December 6, 2004
Today Sunday Morning — Tomorrow, The World!
Isn’t it just like (us) progressives to
defend an advocacy ad embracing non-discrimination toward church-going gays and minorities?
The ad I’m referring to — for the United Church of Christ — was recently rejected for broadcast by several networks, including CBS, NBC and UPN. CBS and UPN determined that the ad was “too controversial” in light of the current gay marriage controversy. Citing similar concerns, NBC also worried about the reaction of other churches.
The ad shows a series of people — including a brown skinned young man, and
a male gay couple an apparently male gay couple– being refused entry to a church by a couple of bouncers. It ends with a stage full of smiling people, including senior citizens, families and individuals of various minority groups, as well as a female gay couple two women with their arms around each other. There is a text overlay that reads: “Jesus didn’t turn people away. Neither do we.” It ends with a voice stating: “No matter who you are, or where you are on life’s journey, you are welcome here.”
Before the election, I might have gotten swept up in the debate about “fairness.” Now, though, I’m more interested in the controversy as an early indicator of political and cultural shifts in the Bush II era.
This is my take:
I believe the ad represents a growing boldness on the part of organized religion to increase its visibility. Although designed to appeal to moderate to left-wing sensibilities, I think the commercial represents an inevitable encroachment on the part of the religious establishment into secular realms of thought and deliberation.

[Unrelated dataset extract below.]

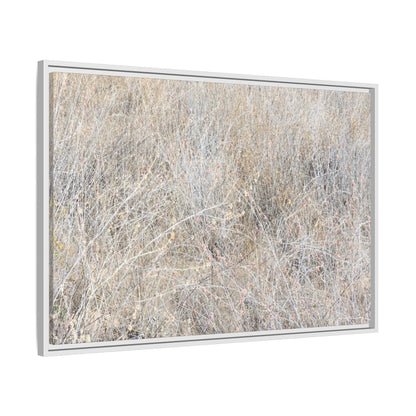 Whispers of Dry Grass - Unique Stretched Canvas Wall Art - Art By Earth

I think the ad represents the beginning of a move by religious institutions to gain more political power. The “identity campaign” (to build popular support, and neutralize criticism and scrutiny) is just a small part of the strategy. The larger, but less visible effort will involve a whole range of creatively-veiled acts of political patronage aimed at securing legislative influence. As the conservatives start to erode the barrier between church and state through dedicated and side-legislation (just look at all the crippling new restrictions they put on abortion services in the recent one week lame duck session — if you
even heard anything about it), the big show the religious folks put on for Main Street will keep people from noticing the even bigger move to “K” Street.
I believe this push for visibility and power is going to cause a lot of friction among the houses of the Lord. I think we’re going to see a virtual “land grab” as religious institutions battle each other for “market share” in areas ranging from social services to health services to education. Having vanquished the Democrats, it makes sense that the rise in power will also bring internecine battles for a larger share of the spoils. You can already see it happening, as exemplified by today’s NYT
article on the (family) fight over the Intelligence bill. (Personally, I couldn’t help reading the first line of the article over a few times. It begins: President Bush sought to stem a near-rebellion by members of his own party….).
Finally, I see this ad (along with others like it) signaling a new commercialization and “branding” of religion. Really, the true God in America is unchecked consumption. As such, I can envision the denominational powerhouses taking to the airwaves to assert themselves as the new “Chrysler’s,” “Ford’s,” and “Chevy’s” of the Bush II generation. In other words: welcome to the rise of the “Theological-Industrial Complex.” (By the way, with all the controversy over this “rejected” spot, you can’t tell me the ad people for the United Church of Christ aren’t thinking they’ve died and gone to heaven. Certainly, they are now
guaranteed far more visibility than if the ad had been accepted.)
(…But, isn’t that the way the game goes, anyway? If all it takes for ABC and the NFL to get attention is Nicolette Sheridan and a towel, what’s to stop the church from getting it’s “fifteen minutes” by way of a couple gays and a bouncer?)